RIO DE JANEIRO — On a recent morning, Andrea Pereira was taking in the wonders of the Olympic renovations in Rio, riding a sleek new train downtown with her family to the gleaming new “Wonderful Port.” And yet she felt bombarded by mixed feelings.
Her city — the pulsing, jubilant, unequal, crime-addled world champion of sunny celebrations — did seem prettier now that the Summer Games were about to begin.
But the 40-year-old military police officer has spent three months worrying over late or partial paychecks amid the state government’s budgetary fiascos. Her 16-year-old nephew won’t be attending Friday’s Opening Ceremonies because the family fears a terrorist attack. Teachers have been on strike. Violence is rising in the favelas. The nation’s president has been ousted.

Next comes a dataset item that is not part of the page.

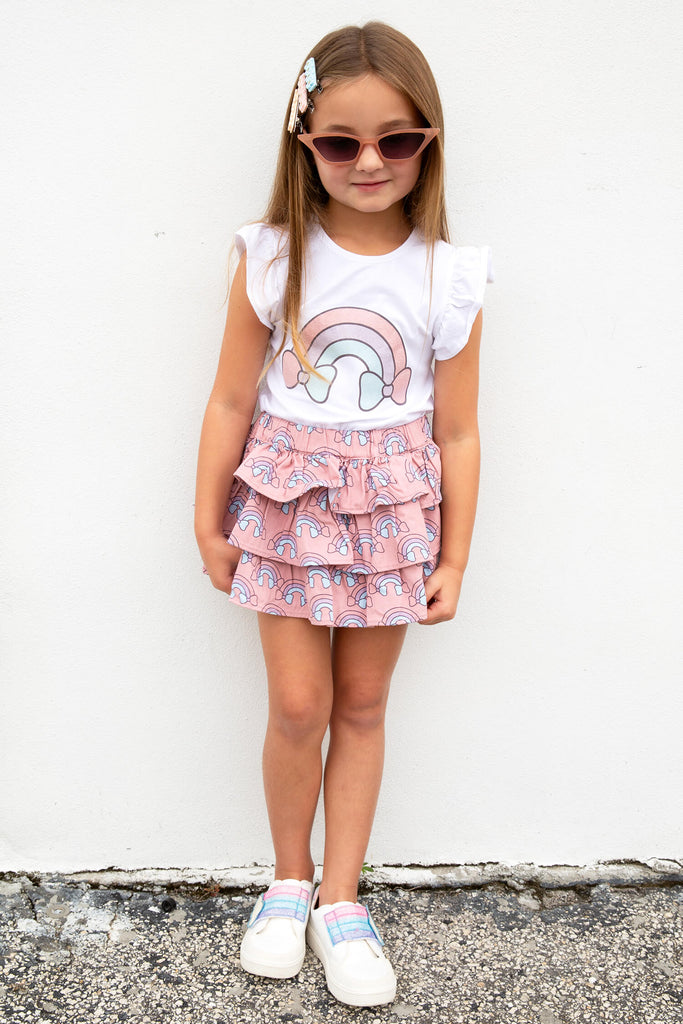 Dusty Rainbow Frill Skirt is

“They put makeup on the downtown. But that’s not our reality,” Pereira said. “We feel betrayed.”
On Oct. 9, 2009, when the International Olympic Committee selected Rio de Janeiro to host the 2016 Summer Games, confetti fell over a delirious crowd on Copacabana Beach and then-President Luiz Inácio Lula da Silva wept with joy. This was a country poised to knock on the First World’s door, an economic powerhouse with boundless natural wealth, the leader of a peaceful region.
The ensuing years have wiped away the smiles.

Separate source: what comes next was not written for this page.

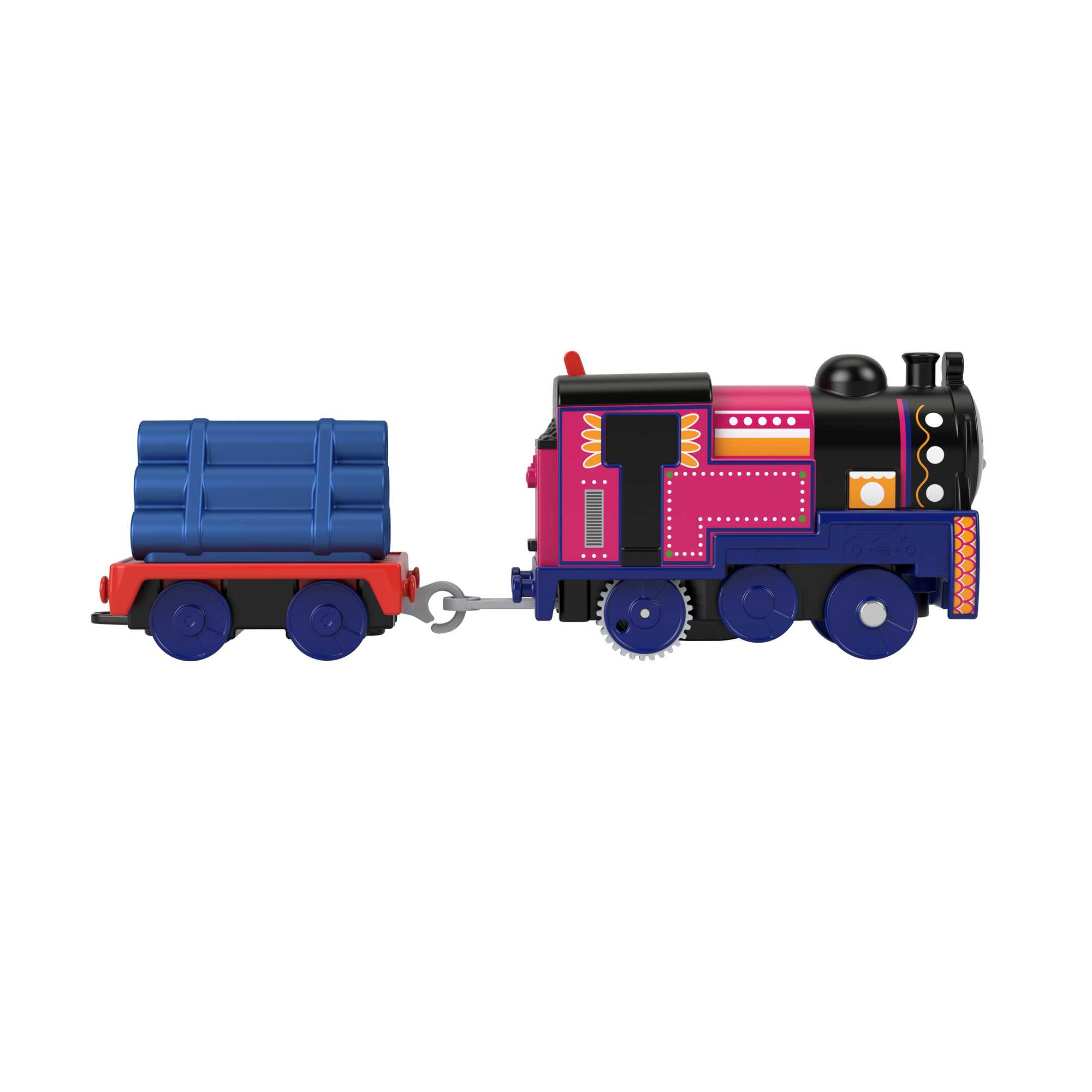 Thomas & Friends Ashima-Zugspielzeug mit Ladung, rosa und schwarz, blaue Räder, verbunden mit einem blauen Waggon.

“There was a moment of megalomaniacal euphoria,” former president Fernando Henrique Cardoso said in an interview. “As if Brazil had already solved its problems, already belonged in the First World.
“Now we are in doubt: Are we really capable or not?”
Brazil’s once-booming economy, fired up by commodity sales to China, spending by a rising working class and dreams of offshore oil wealth, has plummeted into recession and the country’s political class — including Lula — has become embroiled in corruption scandals. His successor, Dilma Rousseff, has been suspended from the presidency and is awaiting an impeachment trial. Her successor, Michel Temer, is deeply unpopular; he has said he expects to be loudly booed when he shows up for the Games.
Rio also has not been able to keep many of its promises for the Olympics. Polluted bays and lagoons have not been cleaned; construction is over budget and sometimes slipshod.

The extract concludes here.